After illegally obtaining and downing a deadly dose of an AIDS drug called AZT (still in the preliminary stages of FDA approval), Ron finds himself in even worse condition than he was. He crosses the border to Mexico in a hail-Mary play and miraculously nurses himself back to health with a mixture of all-natural vitamins and supplements, and non-FDA-approved drugs. With the aid of  a pretty doctor (Jennifer Garner) and an even prettier transsexual named Rayon (Jared Leto, in a stunner of a performance that’s both warm and troubling), he starts the titular club to get the drugs that helped him to other AIDS sufferers–for a price, of course. Ron Woodruff ain’t no saint. Yet.

Dallas Buyers Club movie

As Ron’s business flourishes, we see bits of virtue slowly rise to the surface of his gruff exterior. At first an unquestionable homophobe, Ron starts building a kinship with all of his clients, regardless of sexual preference, most notably with the effeminate, street-savvy Rayon, whom he learns to hold closest to his heart. In the truest testament to their friendship, the duo run into one of Ron’s old redneck friends (Steve Zahn)–who ostracized him, presumptuously associating his diagnosis with homosexuality–on a grocery run. Ron cowboy’s-up, puts his ol’ buddy in a choke hold, and orders him to shake the hand of a quietly pleased Rayon. The crowd goes wild!

Leto and McConaughey make the icky medical jargon and mounds of data shoved down our throat tolerable (and even enjoyable) with their incredible performances. It’s common knowledge now that they’d both shed considerable weight for the roles, and the sacrifice paid off–they’re both startlingly unrecognizable and their slimmer frames add to the immersion. Couple that with their finely-tuned, detail-oriented acting, and you’ve got two towering performances that won’t only earn them Oscar nods–they’ll define their careers. They may look gaunt and frail, but they handle the emotional heavy-lifting with ease.

Dallas Buyers Club film

McConaughey deserves any and all accolades and flattery he’ll no doubt receive in the coming months (and years.) His famous southern drawl, and lazy charm–signature traits that sometimes grate against other roles he’s played–fit Ron Woodruff like a tailor-made rodeo glove. In the simplest terms, he was born to be in this movie. Leto’s charm is equally potent, but polarized; he matches McConaughey’s libidinous machismo with alluring femininity, gentleness, and the occasional brooding. I imagine most directors would choose to hinge the film on the McConaughey-Garner relationship, but Valleé keeps the romance light, showcasing the touching, unlikely relationship between Ron and Rayon instead. Smart, smart choice.

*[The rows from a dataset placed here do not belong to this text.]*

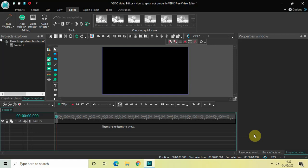Hey guys, welcome back to Next-Gen Blogger. In this video I want to show you how to spiral out a border in VSDC Free Video Editor. It's actually super easy to spiral out a border in VSDC, so without further delay let's get started and see how you can do this.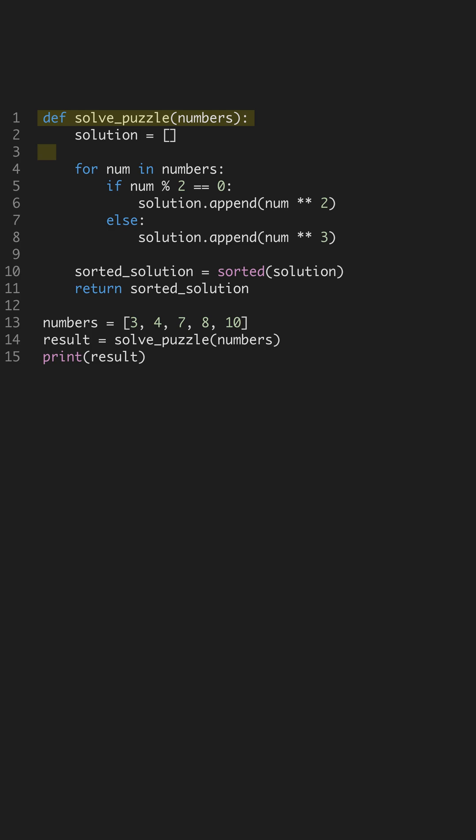As we iterate through each number, we apply a conditional check. For even numbers, we append their square to the solution. This demonstrates how branching logic works in Python, allowing you to apply different operations based on conditions.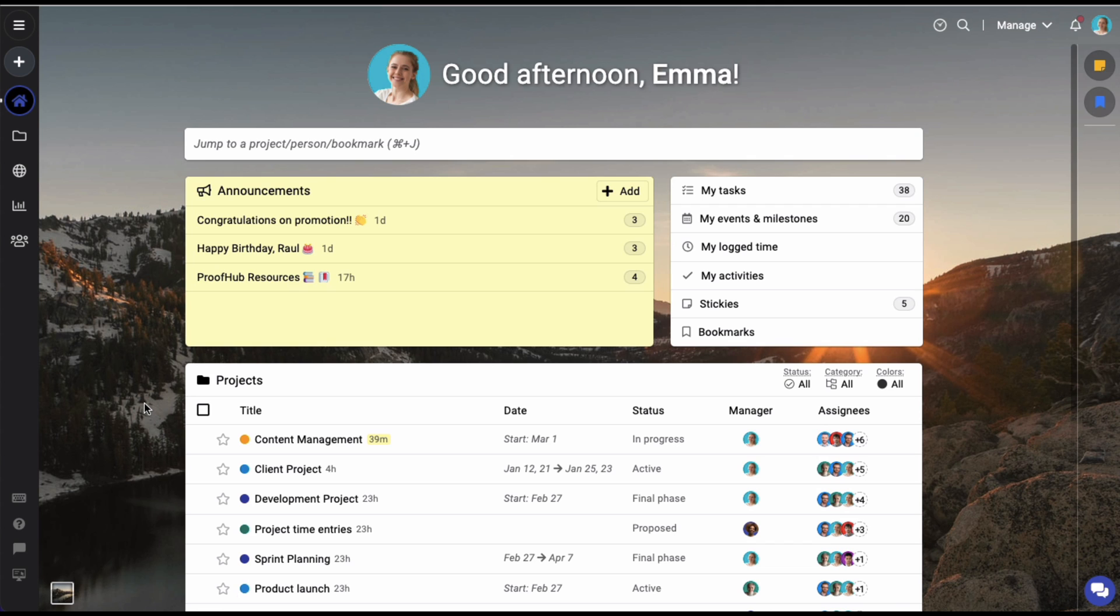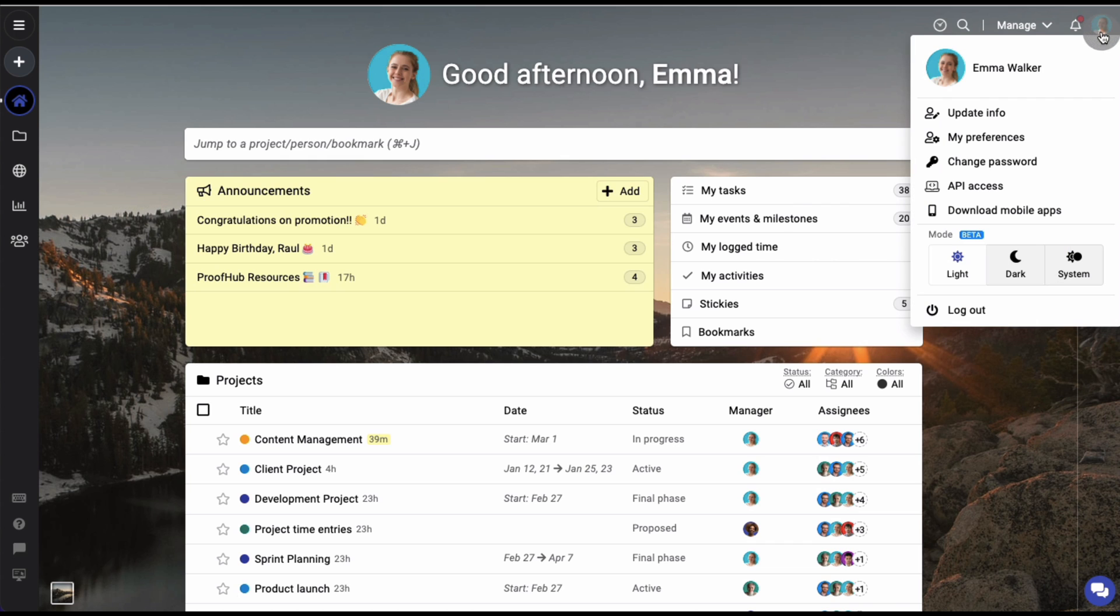To select a mode for your account, go to the top right corner of the screen and click on your profile image or your initials.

Despite the colorful performances of the leading men, the film stays grounded, never veering into melodrama or overt sentimentality. I went into the film half expecting a Hollywood ham-fest, but Valleé and his team prove to have sharper taste than that. When characters die, it’s a sobering jolt, not a tear-soaked call to the heavens set to a bittersweet string arrangement. Ron’s body wastes away as he simultaneously fights off AIDS and the FDA (who want nothing more than to bust his burgeoning business) over the course of years, though he never pities himself nor asks for it. Valleé doesn’t ask us for pity either. Ron Woodruff died in 1992, 7-years later than doctors assured him he would leave this world. “Ain’t nuthin’ out there can kill Ron Woodruff in 30 days.” The man speaks the truth.